Friday 26 August - Fourth Test, Trent Bridge, day two
Freddie's at it again, this time thumping his first Ashes century. People call Flintoff 'rustic', but he's only 'rustic' in the way a luxury French-style kitchen might be 'rustic'. For there are plenty of polished straight lines to go with all those blacksmith heaves and hoicks.
But this is far from being Flintoff's Ashes. First it was Harmison giving the Aussies fits with the ball, then it was Simon Jones. Now it's the turn of that old dog Hoggard. Hayden cleaned up by an inswinger, the Bully Boy looks like he's batting with a length of two-by-four.
Saturday 27 August - Fourth Test, Trent Bridge, day three
Simon Jones' injury does have an upside, as it enables substitute fielder Gary Pratt to run out Ponting. Punter's face as he barges his way past the England players on the balcony is worth printing off again and again and sticking on your Christmas tree baubles. Even England coach Duncan Fletcher uses up one of his biennial laughs.
Sunday 28 August - Fourth Test, Trent Bridge, day four
There's me, my mate and our two girlfriends - both Irish, no previous interest in cricket - and we're huddled around my mobile phone in a remote cottage in Donegal as if it's about to reveal to us the meaning of life.

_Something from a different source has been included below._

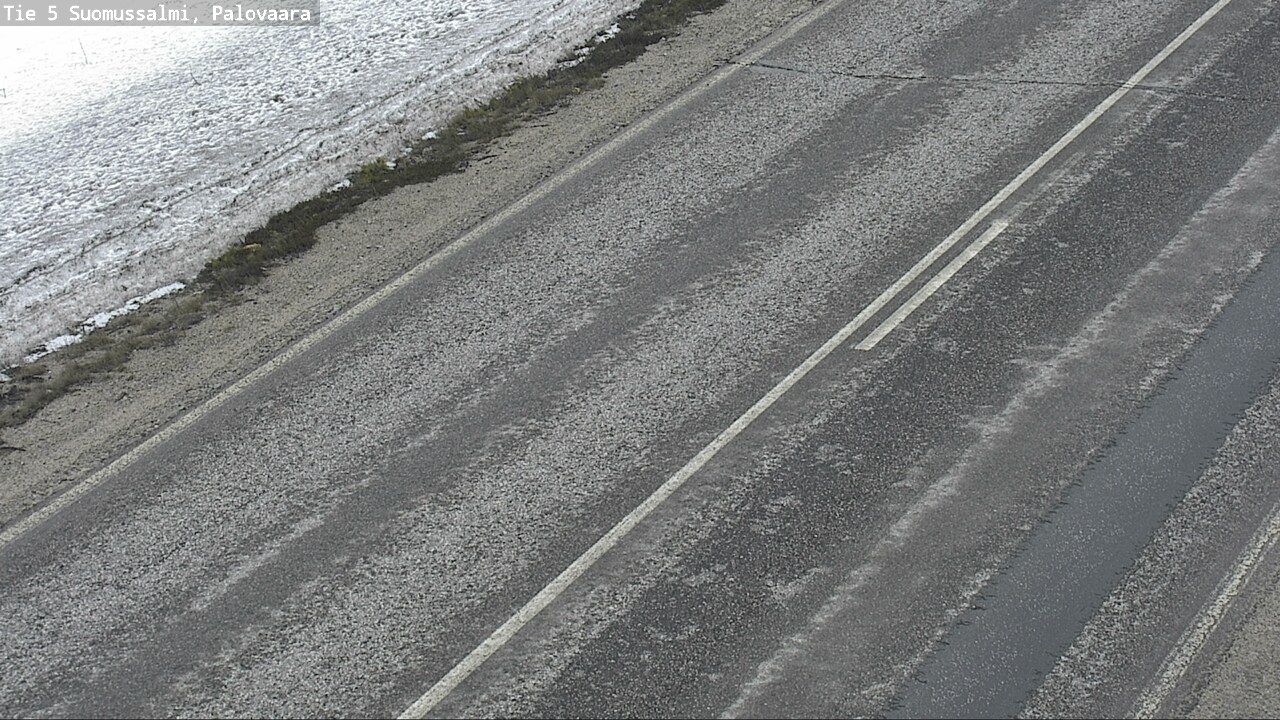 Weather Camera Image Road 5 Suomussalmi, Palovaara, Suomussalmi, Kainuu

But all it does is vibrate every few minutes, informing us of another England wicket. First Trescothick, then Vaughan, then Strauss. "That swine Warne again," goes my phone. And again. And again. Except it doesn't actually say swine.
With Bell gone, England are 57-4 and still need 72 to win. Flintoff and Pietersen will see us home. Except they won't. Lee rips out the two of them, and England are still 18 short. What do you know, that handshake meant nothing.
Geraint's gone an over later, and they're into the bunnies. My brother's texting every run now. Hoggard, who all of a sudden fancies himself as a batsman, strokes Lee through the covers for four. Bedlam. A few minutes later, Ashley Giles clips Warne for the winning runs and a small cottage on the west coast of Ireland goes wild.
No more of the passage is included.